Votre texte ne maintient la durée légale hebdomadaire du temps de travail de 35 heures qu’à titre d’anecdote. Il ouvre beaucoup plus qu’elle ne l’était déjà, la possibilité pour les entreprises d’avoir recours aux heures supplémentaires, de négocier directement avec les salariés un aménagement du temps de travail fixant un nouveau contingent d’heures supplémentaires et un nouveau montant des majorations, ce qui n’aura évidemment pas le moindre impact positif sur le pouvoir d’achat.
Votre texte va à l’encontre de l’intérêt des salariés, invités à tout sacrifier : leur santé, leur sécurité, leur vie familiale pour quelques hypothétiques euros de plus...
En généralisant la négociation de gré à gré entre employeur et salarié, en tirant un trait sur la reconnaissance du lien de subordination qui caractérise les relations de travail, vous condamnez notre pays à connaître l’une des plus graves régressions sociales de son histoire. La clef de voûte du droit du travail que représente la durée légale du travail n’aura plus demain pour limite que les seuils sociaux européens, portés à 60 ou 65 heures par le projet de directive.
En proposant de faire de la réforme des 35 heures le bouc émissaire de vos propres échecs économiques, non seulement vous mentez aux français mais vous pérennisez un système qui joue contre les salaires et contre l’emploi.
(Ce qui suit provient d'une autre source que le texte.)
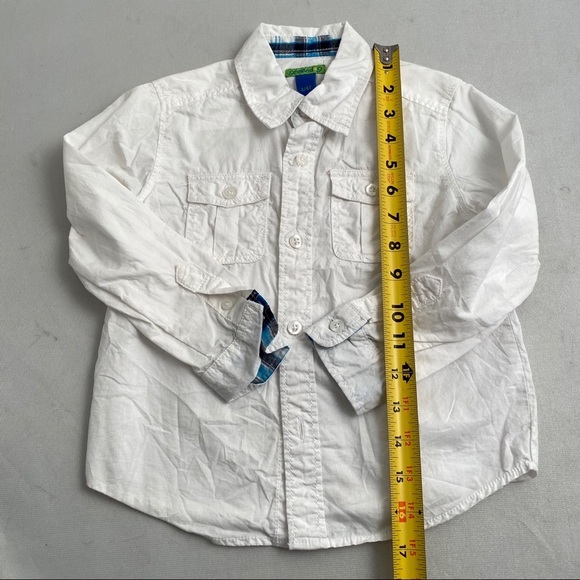Greendog white long sleeve button down shirt 4T - Picture 3 of 5
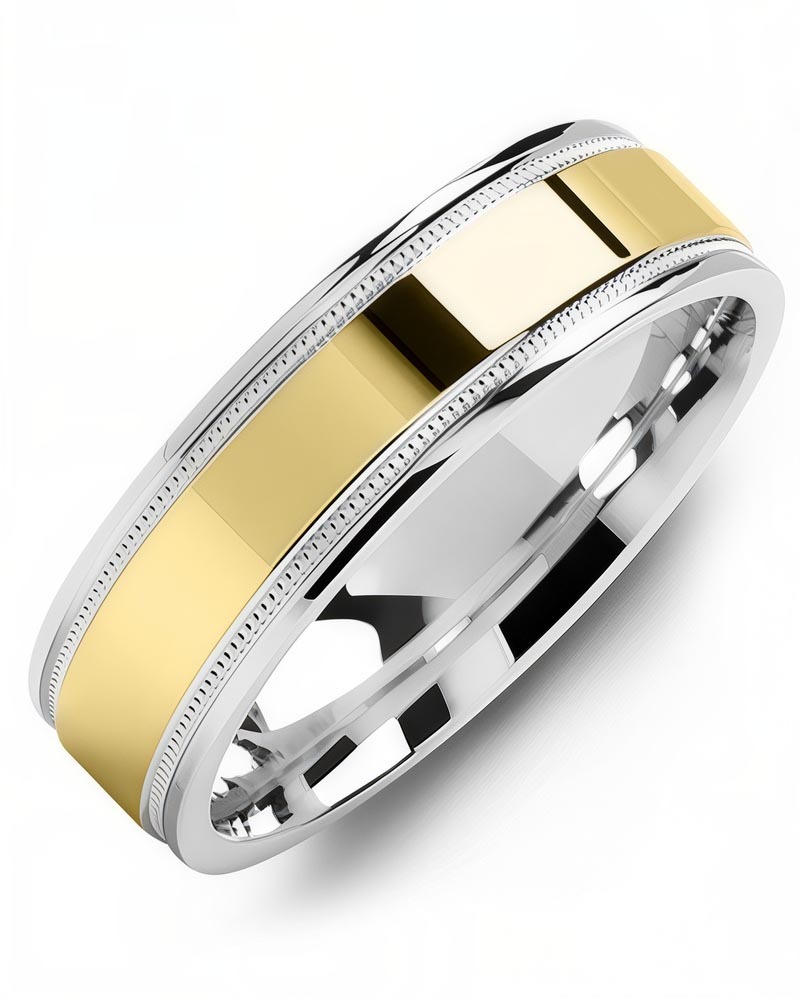 Men's & Women's White Gold & Yellow Gold Wedding Band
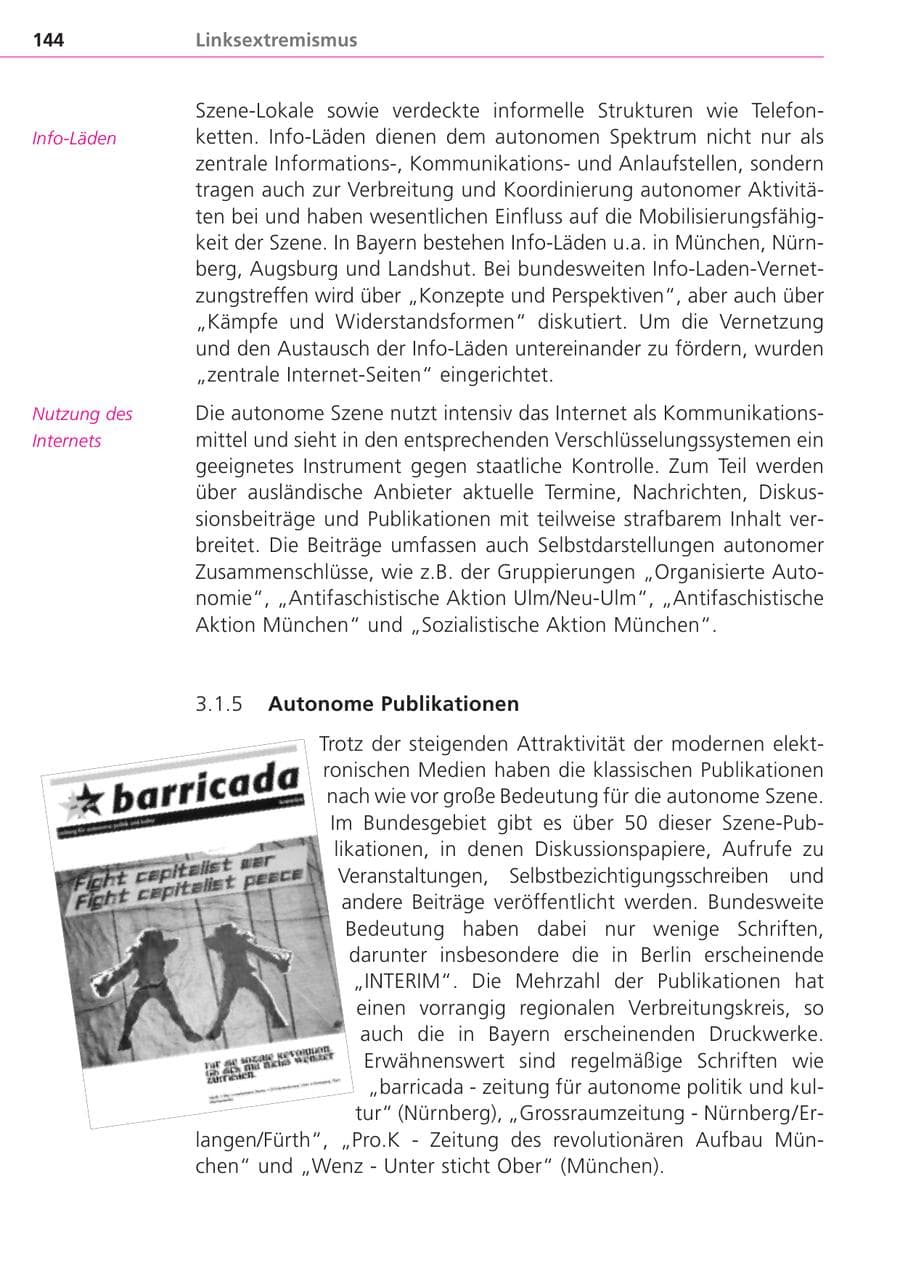 Seite 144 des Verfassungsschutzbericht 2004 Bayern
Pendant près d’un siècle, notre pays a prouvé qu’il était possible tout à la fois de baisser le temps de travail, d’augmenter les salaires et d’augmenter la productivité, une des plus élevées au monde.
Monsieur le ministre, ce sont ces réalités là que nous portons, pour un vrai progrès social, une société moderne, respectant ses concitoyens et ses salariés et ne cédant pas à cette fuite en avant dans le toujours plus de « moins disant social ».
En conséquence, vous l’aurez compris, le groupe GDR, communiste, vert, ultra-marin unanime votera contre votre texte.